I’d have a hard time declining the invitation if someone really wanted me to be there tonight when Neil Young and Crazy Horse play the New World Music Theatre. Like every other card-carrying rock critic, I’m a fan. I love each and every tune on Decade, and even a bad Neil Young show is a million times more inspiring and revelatory than a “good” performance by one-name, one-hit modern-rock wonders like Bush, Sponge, Everclear, and other assorted Garbage.

But I haven’t deluded myself into thinking that Neil Young is anything other than an oldies act, one of the many clogging up rock’s arteries. Young has been surfing a mighty wave of mediocrity these past few years, but you’d never know from reading his album reviews. Harvest Moon (1992), Sleeps With Angels (1994), and Mirror Ball (1995) all landed among the top 20 in the Village Voice’s annual Pazz & Jop critics’ poll; the latter two in the top five. Spin even named him artist of the year in 1993, a year in which he didn’t release anything at all. Neil worship would seem to be such a given among critics that if you log on to Warner Brothers’ Web site, in the space where the label usually quotes positive reviews of its new releases, this is what it says about Broken Arrow, Young’s latest: “Critical praise? Do you even have to ask? This is Neil Young we’re talkin’ about here.”
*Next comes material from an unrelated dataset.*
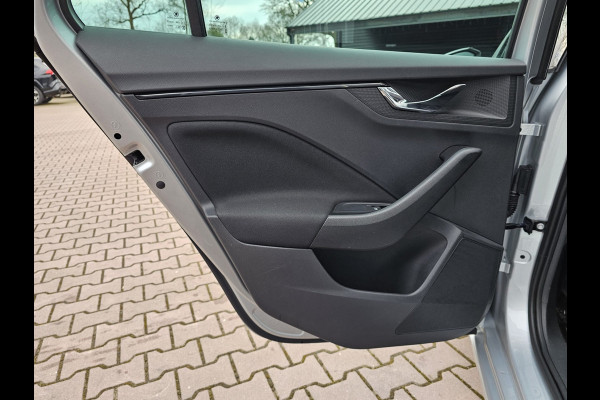 Škoda SCALA 1.5 TSI Ambition Business | Automaat | Climatronic | App-connect | Stoelverwarming | Camera |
In fact, the critical crowd wasn’t completely wowed by Broken Arrow, but neither was it particularly unkind. “No diminishment in vitality,” mused Robert Christgau, the dean of American rock critics, writing in Spin. “Tossed-off,” wrote Rolling Stone’s Rob O’Connor, but the mag gave Young three out of five stars anyway. “It’s not as if there aren’t moments of melodic splendor and epiphany,” concluded Barney Hoskyns of Mojo and Request.

Such fealty can’t be based solely on Young’s recent output. Harvest Moon is a tepid, overly mannered, semiacoustic effort and a pale shadow of its 1972 inspiration, Harvest. Sleeps With Angels is a muddled, ill-conceived, and generally tuneless tribute to Kurt Cobain. Mirror Ball is a vain attempt to prove he’s still relevant because members of Pearl Jam take his calls. And the sound track to Jim Jarmusch’s Dead Man, Young’s first release this year, consists mostly of him detuning his guitar in front of his amplifier so that it feeds back, interspersed with snippets of dialogue from the movie and a poetry reading by Johnny Deep–er, Depp.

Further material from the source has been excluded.